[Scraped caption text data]
---

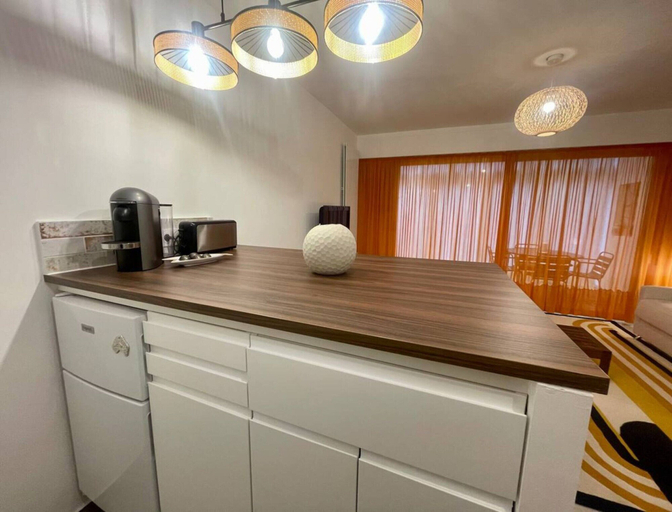 Private kitchen 2, Studio in Antibes Near La Salis Beach, Alpes-Maritimes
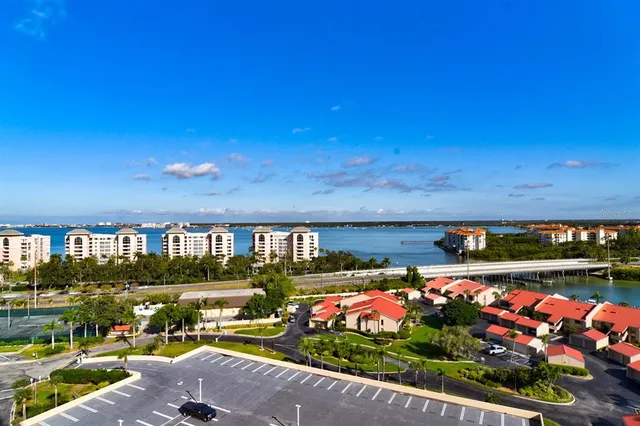 $1,670 | 4900 Brittany Drive South, Unit 1409, St. Petersburg, FL 33715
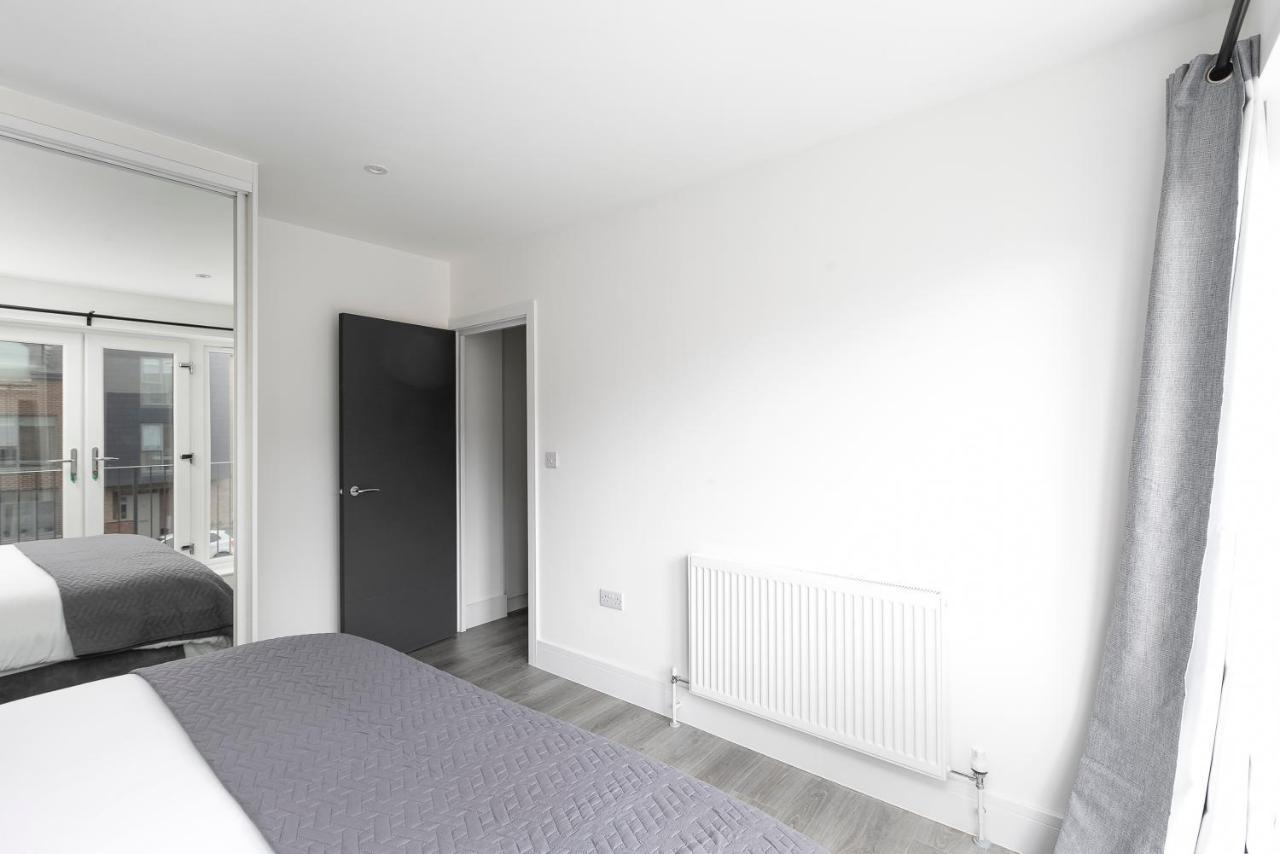 Skyvillion - London Enfield Chase Apartments With Parking & Wifi Bagian luar foto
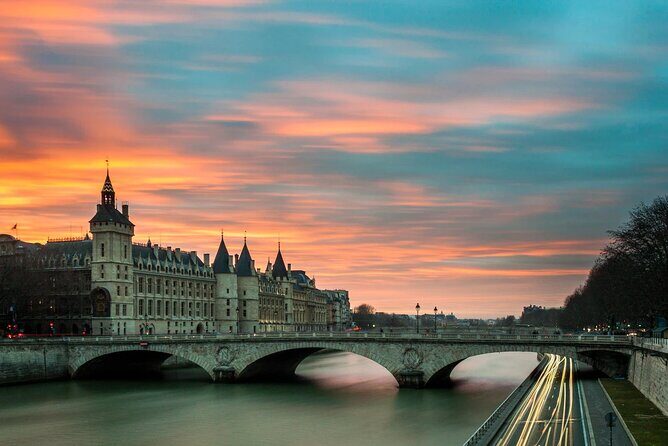 Paris 10-Hour Guided Louvre, Eiffel Tower & Seine River Cruise - Le Marais in 20 minutes: cobblestones, shops, and a walkable feel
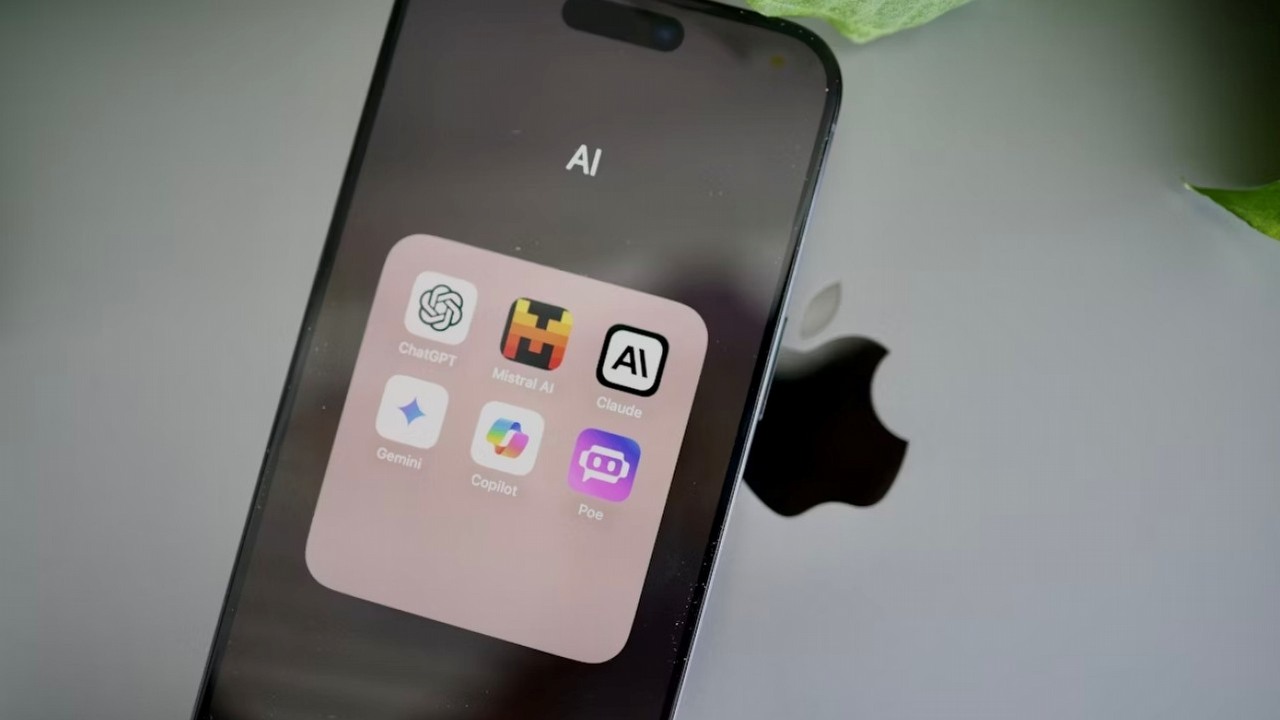 17 godzin nasłuchiwania dziennie. Startup chce, aby ta aplikacja była twoim drugim mózgiem, źródło grafiki: Solen Feyissa; Unsplash.com; 2024.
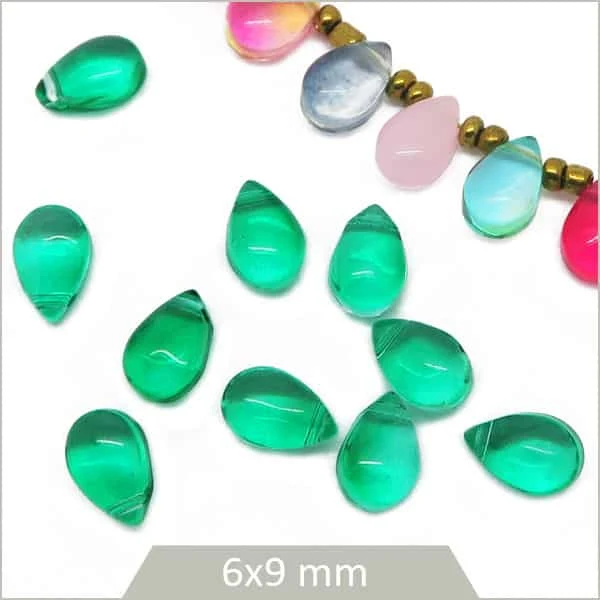 20 perles goutte en verre 6x9mm, vert émeraude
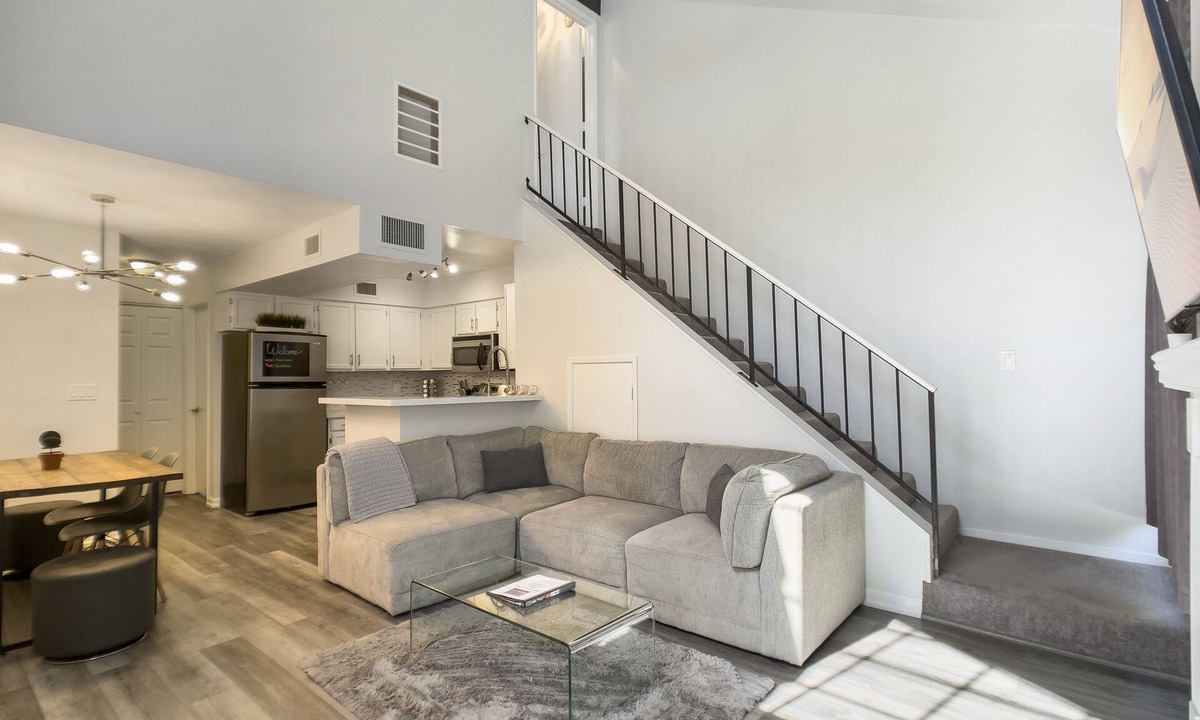 Mesa Grande House | Modern on May-Tempe/ASU/Mesa border Walk to Sloan Park! King Bed- Pet Friendly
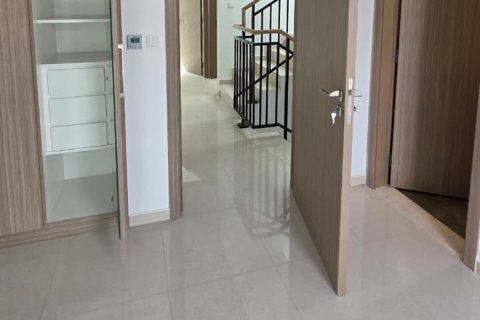 Townhouse de 3 dormitorios en DAMAC Hills (Akoya by DAMAC), UAE No. 148086 12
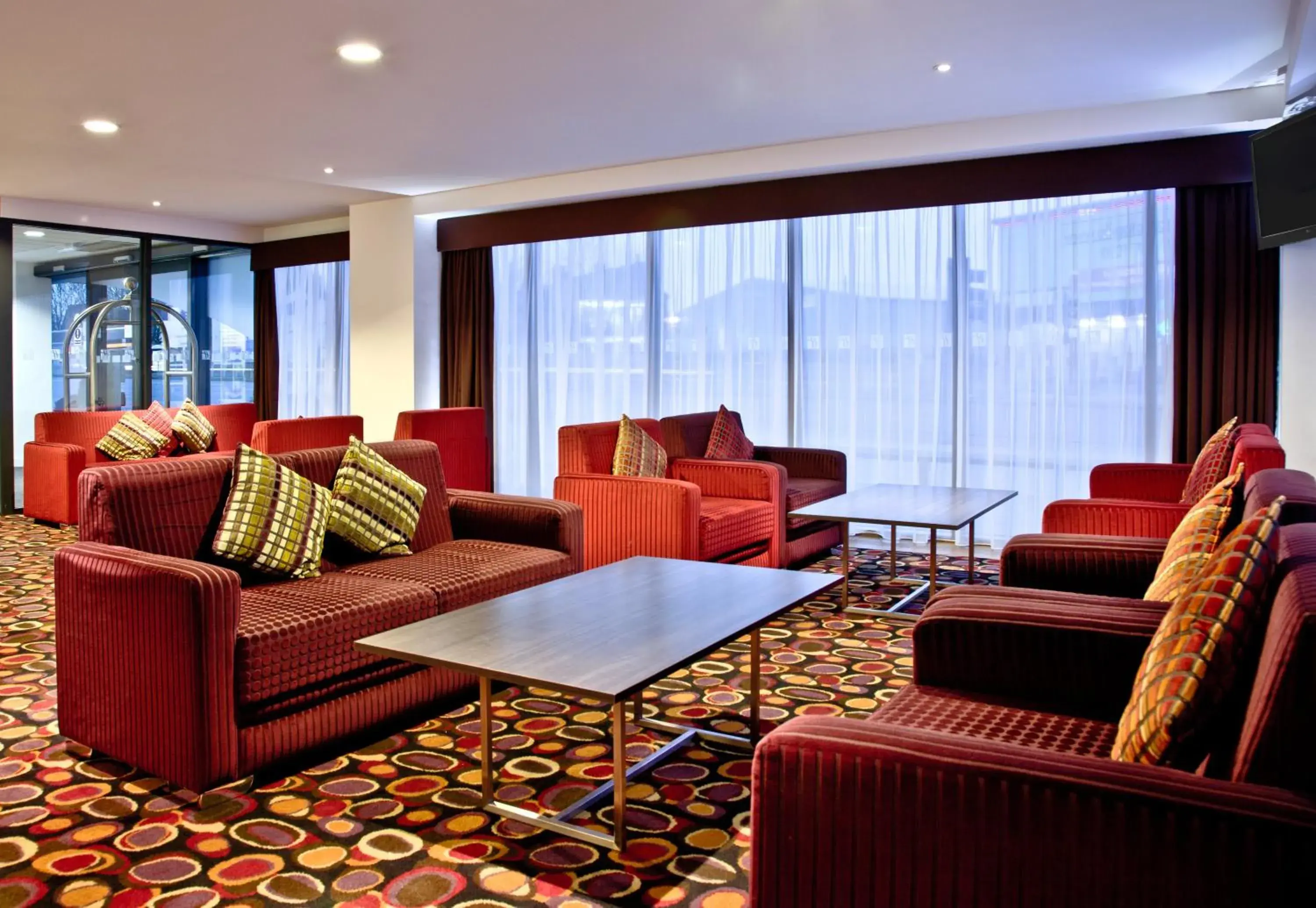 Lobby or reception, Seating Area in Holiday Inn Express Birmingham-South A45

---

» Your objective: Range to copy from the records above: the line containing "Skyvillion - London" to the line containing "Paris 10-Hour Guided", both included. Output those lines exactly and only those, skipping pictures.

» Task response:
 Skyvillion - London Enfield Chase Apartments With Parking & Wifi Bagian luar foto
 Paris 10-Hour Guided Louvre, Eiffel Tower & Seine River Cruise - Le Marais in 20 minutes: cobblestones, shops, and a walkable feel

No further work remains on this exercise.